Captioned web images
---
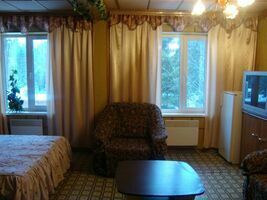 Номер в доме, База отдыха Буровая техника, село Троица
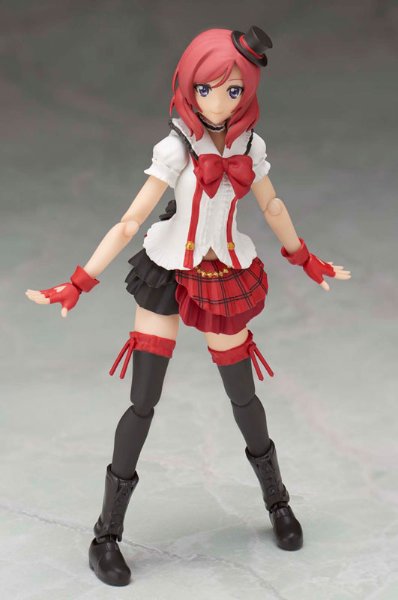 S.H.Figuarts  西木野真姬（我们如今正在其中）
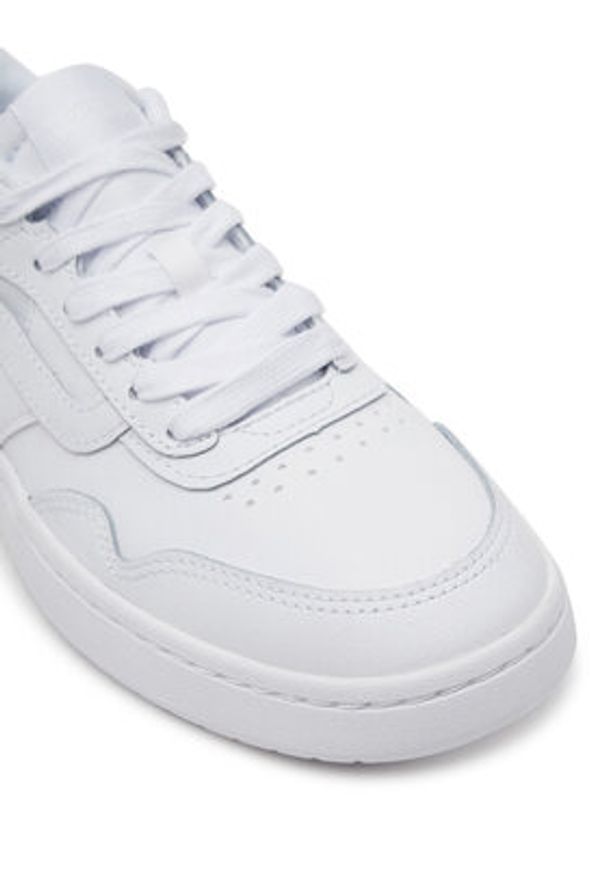 Vans Sneakersy Cruze 3.0 VN000D6SWWW1 Biały. Kolor: biały. Materiał: skóra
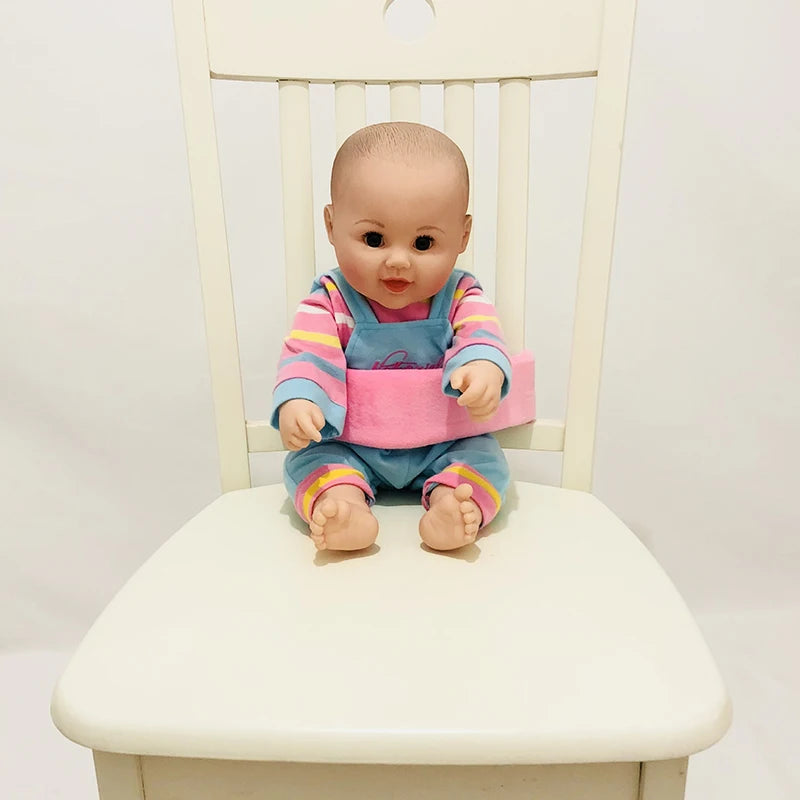 Sangle universelle pour chaise de salle à manger pour enfants, sangle de protection portable pour chaise de salle à manger pour bébé à double usage, ceinture de sécurité, sangle de poussette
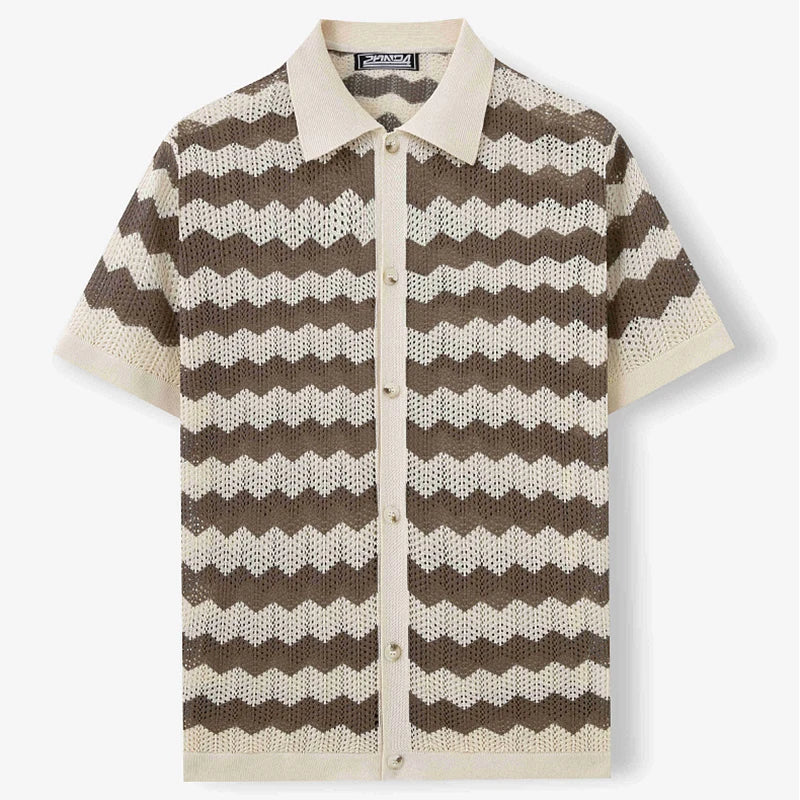 Casa Cruz Button Shirt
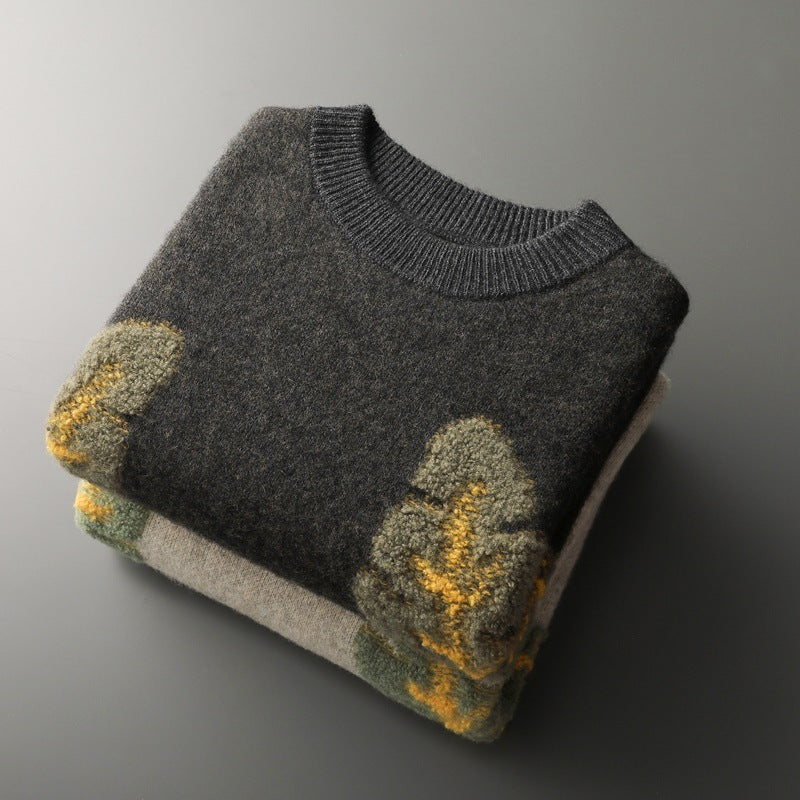 Woolen Sweater Men's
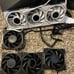 Hyte Q60 thicc fan cooler and Lian li LCD rgb fans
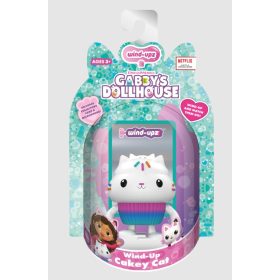  Wind-Upz: Gabi babaháza felhúzható műanyag figura - Süti cica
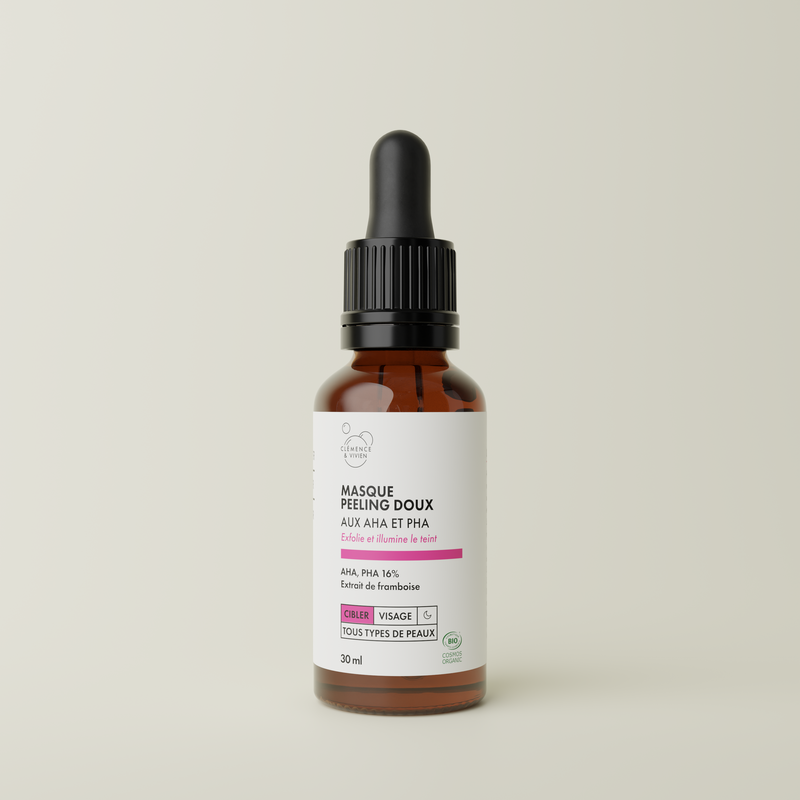 Masque Peeling Doux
---
## WHAT THE EXERCISE ASKS:
Copy exactly the lines from the one containing "Hyte Q60 thicc" to the end of the records, both included, and leave the pictures out.

## OUTPUT FOR THIS EXERCISE:
 Hyte Q60 thicc fan cooler and Lian li LCD rgb fans
  Wind-Upz: Gabi babaháza felhúzható műanyag figura - Süti cica
 Masque Peeling Doux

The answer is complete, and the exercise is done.